Sunday, April 06, 2003

Party, boobytrap!

Well, April 6 is my birthday and I'm a palindrome again for the first time in 11 years. In celebration, I encourage you to brush up on your palindromic knowledge.

First a few historical palindromes from Jim Kalb's Palindrome Connection:
"The ancient Greeks often put "Nipson anomemata me monan opsin" on fountains. It translates as "Wash the sin as well as the face." The Romans admired palindromes too, as demonstrated by "In girum imus nocte et consumimur igni" (We enter the circle after dark and are consumed by fire"), which was said to describe the action of moths."

Those crazy Greeks! What did they not invent? Check out Jim's page for links to dozens of other fascinating palindrome links.

I've been interested in word palindromes since I was a kid and one of my math teachers (the wonderful Eugene Lehman) asked us what was interesting about the following statement: That irrational numbers are said to be NEVER ODD OR EVEN.

Proof that I became fascinated in palidromes is an old webpage of mine from high school, where I compiled some of my favourite ones. (NB. This page has not been updated in 6 years. I've been trying to delete the darn thing, but I can't remember the password or username. Damn Geocities!)

I held two palindrome parties in the month leading up to New Years Eve 2002. Guests were invited to dress up as their favourite palindromes. I believe that either Sherwin Tjia or Jayne Kennedy won first prize at the first one, and Anders Yates won first prize at the second one. I can't remember Sherwin's palindrome, nor Jayne's, but Anders brought about six palindromes with him. He wore his Spam t-shirt and pinned maps to his back, brought a miniature racecar that may have been a toyota, and he brought a bottle of painkillers with him that only had one pill in it: lonely Tylenol.

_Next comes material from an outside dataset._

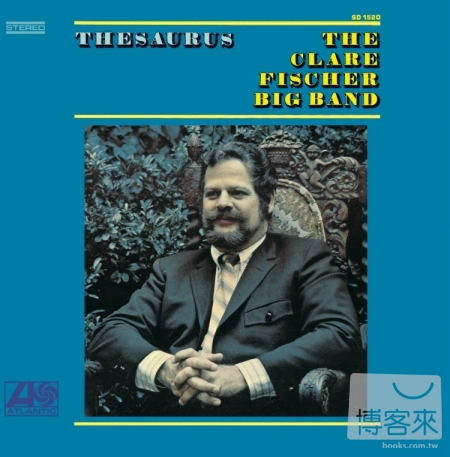 The Clare Fischer Big Band / Thesaurus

2002 was an interesting year to say the least. I wish that I had turned 22 that year, but, alas, my mother was impregnated about five months too late.

Aside from word palindromes, there is the fascinating field of number palindromes. There's a wealth of fun information about them on the web, but I recommend this discussion of Palindromic Primes for advanced palindromers.

So, Happy Birthday to me, if I do say so myself. I hope that my palindrome year goes well... My only wish is that my birthday was not taking place during raw war.